Renowned Iowa artist’s family gifts one of her pieces to Charles City Arts Center
By Kelly Terpstra, email@example.com
New York City native Leonard Weisberger was glad he met a girl from Charles City that he would later marry.
“She accepted me just the way I am,” Weisberger smiled while attending an art exhibit at the Charles City Arts Center.
It’s one of the reasons he was able to tell his story of meeting Atlanta Sampson — a renowned and influential female artist who grew up 40 miles from Charles City near the Iowa-Minnesota border in the small town of Toeterville.
Sampson was one of the featured artists selected by Kurt Meyer for an art show that is being featured this month at the CCAC. A reception was held for Meyer Monday evening.
Meyer is a historian and president of Humanities Iowa. His art exhibit was entitled, “Close at Hand, Works by Women Artists.” He brought more than 50 paintings, many from his own private collection, that focused on female artists of the 20th century.
Weisberger, who is an artist himself, stood right next to Sampson’s great nephew, Jim Sampson, at the presentation and began to tell the story of meeting Atlanta while a student at the School of Visual Arts at 23rd Street and 3rd Avenue in Manhattan.
“She was very vivacious. She was such a great spirit. She was just filled with life and energy,” said Weisberger. “She could flirt like men.”
Weisberger and his wife return to stay in Charles City every year from May to late September in his in-laws’ former house. Weisberger has New York subway portraits on display at the CCAC, where he has also held art shows.
Atlanta was an abstract expressionist who mostly painted watercolor, but also used pencil and charcoal. Jim said she painted from 6 years old all the way up into her 90s – when she achieved notoriety and fame after a New York business executive discovered her work.
“She tried everything. She just wanted to become famous,” said Jim’s wife, Pam Sampson.
Sampson devoted almost her entire life to painting and for nearly nine decades received little to no recognition or fame for her efforts until she held her first one-woman show in New York at the tender age of 91.
While Weisberger met Atlanta before she became famous, he feels it was an honor to have met the youthful soul that he said would joke around with his fellow students.
“It was such a great pleasure to meet her,” he said.
Sampson, a graduate of the University of Minnesota, moved to New York City in 1947. There in a one-room apartment, she devoted her life to painting.
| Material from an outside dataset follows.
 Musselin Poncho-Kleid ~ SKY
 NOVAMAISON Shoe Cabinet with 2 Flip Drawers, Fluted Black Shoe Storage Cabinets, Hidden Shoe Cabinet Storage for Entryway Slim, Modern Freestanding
Almost 50 years later, Atlanta was given her just due as national media picked up on her new-found success. Numerous art shows would follow – with one of her charcoal nudes selling for $7,000. On her 96th birthday, more than 40 of Atlanta’s pieces were displayed at an art show held in the Rotunda of the Russell Senate Office Building in Washington, D.C.
Jim Sampson and his wife help run the Unionhurst Gallery in Toeterville, only three miles from Atlanta’s birth home, where the Sampsons now live. They have gifted the CCAC one of Atlanta’s paintings – an untitled piece best described by Meyer, who grew up in Mitchell County and has served as president of the Mitchell County Historical Society.
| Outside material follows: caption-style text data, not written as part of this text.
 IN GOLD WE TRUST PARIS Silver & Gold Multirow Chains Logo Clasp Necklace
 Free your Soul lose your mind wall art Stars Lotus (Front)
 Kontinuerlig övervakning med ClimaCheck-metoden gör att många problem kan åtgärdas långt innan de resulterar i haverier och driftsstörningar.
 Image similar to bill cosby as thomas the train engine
“The piece is non-representational to that extent that it suggests a floral arrangement. If somebody said this is a storm on the prairie I wouldn’t argue with them,” laughed Meyer. “She didn’t probably spend a lot of time scratching her head coming up with a name.”
Meyer said he hopes the selection of paintings shows how much of an impact women artists like Sampson, Bernice Thorson and Frances Schoenwetter had back in the 20th Century. Schoenwetter was an advocate of women artists in Chicago in the 1970s. She started a woman’s art co-operative while in the Windy City.
“That was kind of all the movement in those days. And why? Because women didn’t have a place where they could show their art,” said Meyer. “It’s been one of the inequities in the art world. If you’re a male artist, you have an easier chance of getting your art in exhibitions than if you’re a female artist. Now that’s historical. It’s a fact.”
Meyer was even tricked at first by Thorson’s work. Bernice signed many of her paintings as “Bern,” her nickname.
“Bern is short for Bernice. Suddenly, it’s a woman artist,” exclaimed Meyer. “I think she’s a well-regarded artist and yet for all these years I thought it was a man.”
There was a landscape, cityscape and floral piece on display of Thorson’s work. Dozens of other artists were also on display like Russa Graeme, Marian Alstad, Linda Le Kniff, Madeline Pyk and Jayne Cooper.
The Sampsons have run the art gallery in Toeterville – seven miles north St. Ansgar – for more seven years.
Meyer’s collection of art work will be on display through the the month at the CCAC.